Howdy Everyone!
As I am setting up my infrastructure at home using docker I wanted to ask, is it better to have DNS, something like pi-hole, on my main docker swarm or would it be better to have it on a dedicated machine/docker host separate from the rest of my infrastructure?
Thanks for the input!
Either is fine: the question is what happens when something breaks and if you care about issues and such.
If your docker host depends on the pihole it’s running, there can be some weirditry if it’s not available during boot and whatnot (or if it crashes, etc.).
…I ended up with a docker container of pihole and an actual pi as the secondary so that it’s nice and redundant.
Depending on the network’s setup, having Pihole fail or unavailable could leave the network completely broken until Pihole becomes available again. Configuring the network to have at least one backup DNS server is therefore extremely important.

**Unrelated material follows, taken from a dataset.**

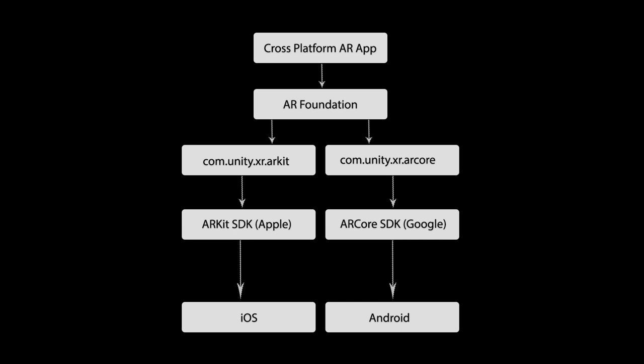AR subsystem is the bridge between Unity and native AR SDK modules. Every subsystem provides different features, like image tracking subsystem detects images, and raycast subsystem casts rays.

I also recommend having redundant and/or highly available Pihole instances running on different hardware if possible. It may also be a good idea to have an additional external DNS server (eg: 1.1.1.1, 8.8.8.8, 9.9.9.9, etc.) configured as a last resort backup in the event that all the Pihole instances are unavailable (or misconfigured).
This approach sounds good.
I think the correct approach is both, if you have the option.
Most devices accept two name servers. Redundancy is always good, especially for DNS.
Weirditry. Holy shit my brain melted.